Ни он, ни она не помнили, притронулись они к еде или нет, обсуждая за столиком оформление сцены, освещение, декорации, акустику зала, а также то, как упаковать весь театральный реквизит в багажник машины.

— Это шоу пройдёт по разряду репортажей с места события, а все затраты я спишу на свои темы, — сказала Хикси. — Единственно, чего нам не хватает, так это названия проекта — мне ведь надо ввести его в компьютер. Что, если назвать его «Студия "Сундук" представляет»?

— Звучит не слишком интеллектуально, — заметил Квиллер, хотя название ему понравилось.

Квиллера, вернувшегося домой с обернутым в фольгу пакетом, в котором лежали куски индейки, приветливо встретили на пороге две сиамские кошки, учуявшие запах любимого кушанья сквозь двухдюймовую дубовую дверь. Они нетерпеливо завывали, становясь на чёрно-коричневые задние лапы и не сводя ни на секунду гипнотического взгляда голубых глаз с вожделенного пакета до тех пор, пока его содержимое не переместилось на их тарелки, стоящие у кухонного стола.

С нескрываемым восхищением наблюдал Квиллер за тем, как они уплетают его угощение.

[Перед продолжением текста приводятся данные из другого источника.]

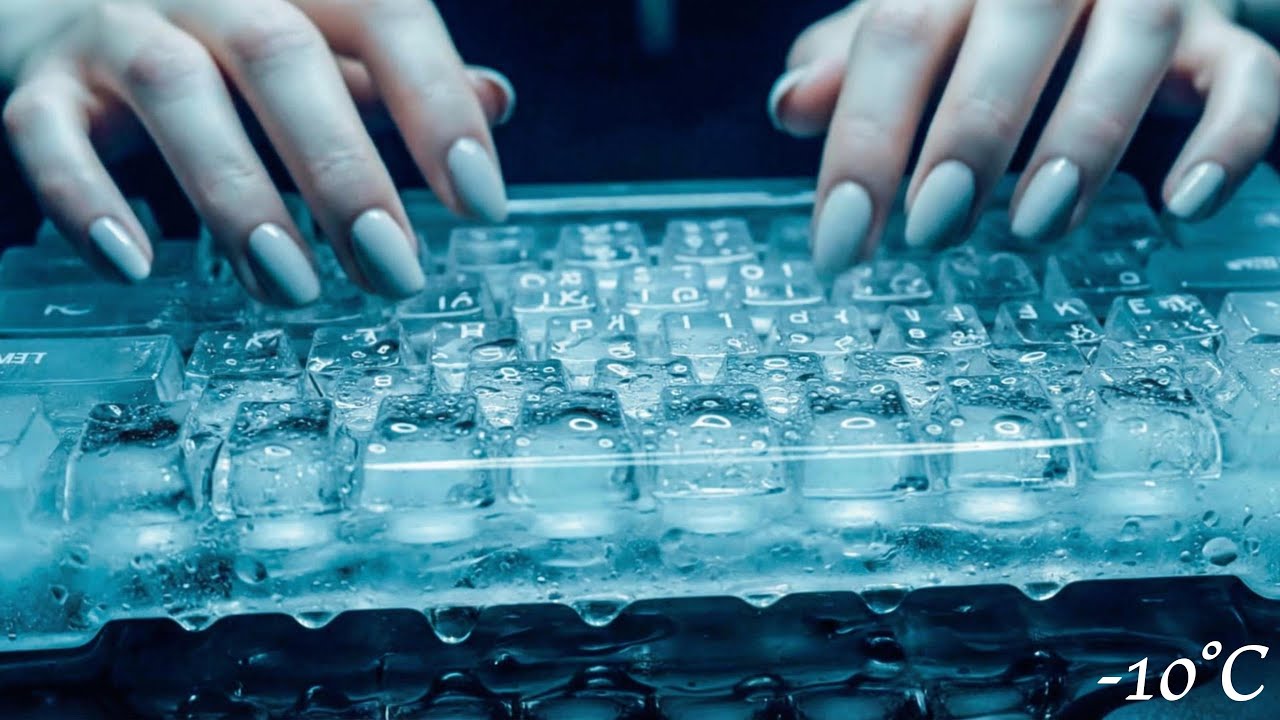 1 Hour Typing on FROZEN Ice Keyboard ❄️ (Crisp & Cold Sounds for Sleep)
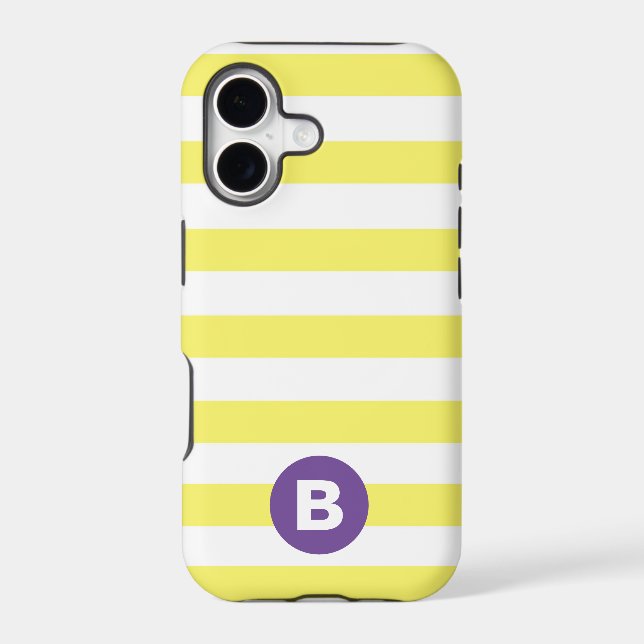 Sunny Yellow Striped Purple Monogram Case-Mate iPhone Case (Back)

Коко — официально Као Ко Кун — унаследовал величие своего высокородного тезки, жившего в тринадцатом веке, и плюс к этому обладал таким умом и способностью к правильному восприятию действительности, что приводил иногда в замешательство человека, имеющего всего лишь пять органов чувств да степень бакалавра в области журналистики. Юм-Юм, само изящество, владела иным набором талантов. Она знала бесчисленное множество чисто женских уловок, которыми беззастенчиво пользовалась, чтобы добиться своего. Когда же ничто из её арсенала не приводило к желаемому результату, она прибегала к последнему средству воздействия: кокетливо вытягивала переднюю бархатную лапку и трогала ею усы Квиллера, после чего он сдавался.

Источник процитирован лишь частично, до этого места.